Mediatore immobiliare e amministratore di condominio: analisi e disciplina delle due figure professionali.
Dott.ssa Marta Jerovante - Consulente Giuridico 

La figura dell'amministratore condominiale e quella di agente immobiliare è stata spesso oggetto di approfondimenti da parte della dottrina e giurisprudenza.

Per tali motivi ci pare occasione proprizia analizzare alcune problematiche in merito alla convivenza dei ruoli.

La mediazione e il ruolo dell'agente immobiliare.
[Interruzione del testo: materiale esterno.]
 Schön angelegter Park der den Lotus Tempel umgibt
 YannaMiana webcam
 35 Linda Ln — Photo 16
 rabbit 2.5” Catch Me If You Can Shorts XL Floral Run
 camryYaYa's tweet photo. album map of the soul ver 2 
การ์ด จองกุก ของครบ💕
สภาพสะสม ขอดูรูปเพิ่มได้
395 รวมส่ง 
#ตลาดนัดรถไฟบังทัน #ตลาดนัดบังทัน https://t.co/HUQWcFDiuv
Il proliferare,nel mercato immobiliare,delle norme in materia amministrativa, edilizia, fiscale, urbanistica ha reso quasi pressoché impossibile l'accesso al mercato da parte del singolo soggetto e reso necessaria ed indispensabile l'ausilio di un professionista qualificato: l'agente immobiliare,il quale svolge l'attività di mediazione, ed agevola, con il proprio intervento,il compimento degli atti propedeutici alla formazione del consenso definitivo.

L'esigenza di una severa regolamentazione dell'esercizio dell'attività di mediatore immobiliare è stata peraltro soddisfatta dalla l. 3 febbraio 1989, n. 39, che prevede l'obbligo di iscrizione in apposita sezione del ruolo degli agenti di affari in mediazione degli agenti immobiliari, obbligo sanzionato dalla perdita del diritto alla provvigione: un ruolo (albo) in cui dovevano obbligatoriamente iscriversi tutti coloro che svolgono l'attività di mediazione,ossia non solo gli operatori professionali che svolgono l'attività con carattere di abitualità, ma anche coloro che esercitano l'attività di mediazione in modo discontinuo o occasionale (art. 2, l. n. 39/1989).
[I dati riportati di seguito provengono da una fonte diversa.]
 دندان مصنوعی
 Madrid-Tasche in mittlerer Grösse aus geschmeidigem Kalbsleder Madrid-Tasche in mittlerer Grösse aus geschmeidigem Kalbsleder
Detto ruolo è stato invero soppresso dal D.Lgs. n. 59/2010, emanato in attuazione della direttiva 2006/123/CE relativa ai servizi nel mercato interno: detto provvedimento stabilisce che le attività in esso disciplinate sono soggette a dichiarazione di inizio attività, da presentare alla C.C.I.A.A. (Camera di Commercio, Industria, Artigianato e Agricoltura), la quale, verificato il possesso dei requisiti, procede all'iscrizione nel registro delle imprese, se l'attività è esercitata in forma di impresa, oppure nel Repertorio delle notizie economiche e amministrative (REA), assegnando la qualifica di intermediario per le diverse tipologie di attività (art. 73, D.Lgs. n. 59/2010).

Come già previsto per il soppresso ruolo, anche nel vigore dell'attuale normativa tutti i soggetti che esercitano attività di mediazione sono tenuti all'iscrizione: la sola differenza è ai fini fiscali, giacché l'esercizio abituale della mediazione produce reddito di impresa (art. 55, T.U. n. 917/1986), mentre l'attività occasionale qualifica il reddito come reddito diverso.

Si rammenta che l'attività di mediazione è a carattere personale; di conseguenza, l'incarico deve essere conferito all'agente immobiliare, quale professionista iscritto.

L'agente immobiliare e l'amministratore di condominio, ruoli nell'ambito del contratto di compravendita

Nel caso in cui l'attività di mediazione venga esercitata in forma societaria, l'iscrizione deve essere effettuata sia dalla società sia da ciascun soggetto preposto all'esercizio, sia esso il legale rappresentante, il preposto, l'incaricato o il dipendente della società, che devono tutti possedere i requisiti previsti dalla l. n. 39/1989.

Si rileva inoltre che il legale rappresentante di una società che svolge attività di mediazione non può svolgere la stessa attività in proprio a titolo individuale o come legale rappresentante di altre società, salvo che non sia espressamente autorizzato dall'assemblea o da entrambe le assemblee, perché altrimenti violerebbe il divieto di concorrenza sancito dall'art. 2930 c.c.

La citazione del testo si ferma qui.